「ERPの分野では現在、”ポストモダンERP”と呼ばれる考え方が注目を浴びています。それは、”モダンERP”に位置づけられる従来のスイート型製品の課題を解決するべく登場している新しいERP像です」――ガートナー ジャパンの本好 宏次氏は、ERP市場の現状についてこのように語る。
デジタルビジネス時代の本格的な到来を間近に控え、企業システムの核を担うERPアプリケーションにも今、大きな変革が訪れている。本誌は、ERPを中心としたビジネス・アプリケーションの分析を担当する本好氏に、技術動向と導入の留意点を聞いたので、その様子をお伝えしよう。
レガシーERPの弊害
ガートナー ジャパン リサーチ部門 エンタプライズ・アプリケーション担当 リサーチ ディレクター 本好 宏次氏 |
「日本の企業は、ERPを導入する際、パッケージソフトウェアに対してフィット&ギャップ分析を実施し、ギャップの部分をカスタマイズで補うケースが多いです。しかし、安易にカスタマイズしてしまうと、後日苦しむことにもなりかねません。ERPベンダーがアーキテクチャの刷新を進めている現在では、なおのこと、その傾向は強くなります」(本好氏)
本好氏は、このように警鐘を鳴らす。
本好氏が特に注意を促すのが、ソースコードレベルのモディフィケーションを大量に施したERPである。そのようなERPをガートナーでは「レガシーERP」と呼ぶ。レガシーERPの最たるデメリットは保守コストが高騰すること。バグ修正や法改正対応、新機能追加などで新版やパッチプログラムがリリースされた際に、ユーザー企業側でソースコードの再改修が必要になるケースが増えてくる。

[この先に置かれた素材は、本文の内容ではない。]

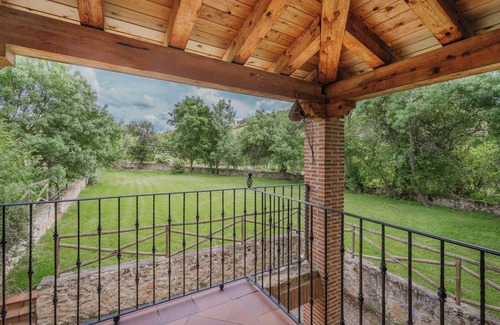 Caballar Casa | Casa rural 'Los Molinillos' con vistas a la montaña, terraza privada y Wi-Fi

「機能追加するにしても、パッケージの外部に構築され、統合されているならばそれほど問題にならないかもしれませんが、本体のソースコードを大幅に改修してしまうと、コストの面からバージョンアップを断念せざるをえないことがあります。一昔前なら、それでもやむを得ないケースもあったかもしれませんが、ベンダーの取り組みを考えると現在は、得策とは言えません」(本好氏)
10数年おきに訪れるERP変革の波
本好氏によると、ERPは概ね10数年おきに大きな変革があるという。
80年代は、手作りのシステムや特定機能に特化した専門パッケージを組み合わせる、いわゆるベスト・オブ・ブリードが主流であったが、90年代以降、3層構造アーキテクチャを採用し、さまざまな機能を取り込んだ統合型かつ一枚岩的なERPスイート製品が台頭し、BIベンダーなどの買収を背景に、スイート製品を提供する大手ベンダーがさらに巨大化してきた。ガートナーでは、この90年代以降の流れを、企業の中央のIT部門と大手ERPベンダーがけん引した近代化とし、「モダンERP」の時代と位置付けている。
そして2000年代後半から現在にかけて、普及しはじめているのが、近代化の後の時代のERP、すなわち「ポストモダンERP」である。従来型の巨大なスイート製品は、統合性を重視し過ぎた結果、俊敏性や柔軟性を失い、ユーザー企業の変わり行くニーズに十分には対応できなかった。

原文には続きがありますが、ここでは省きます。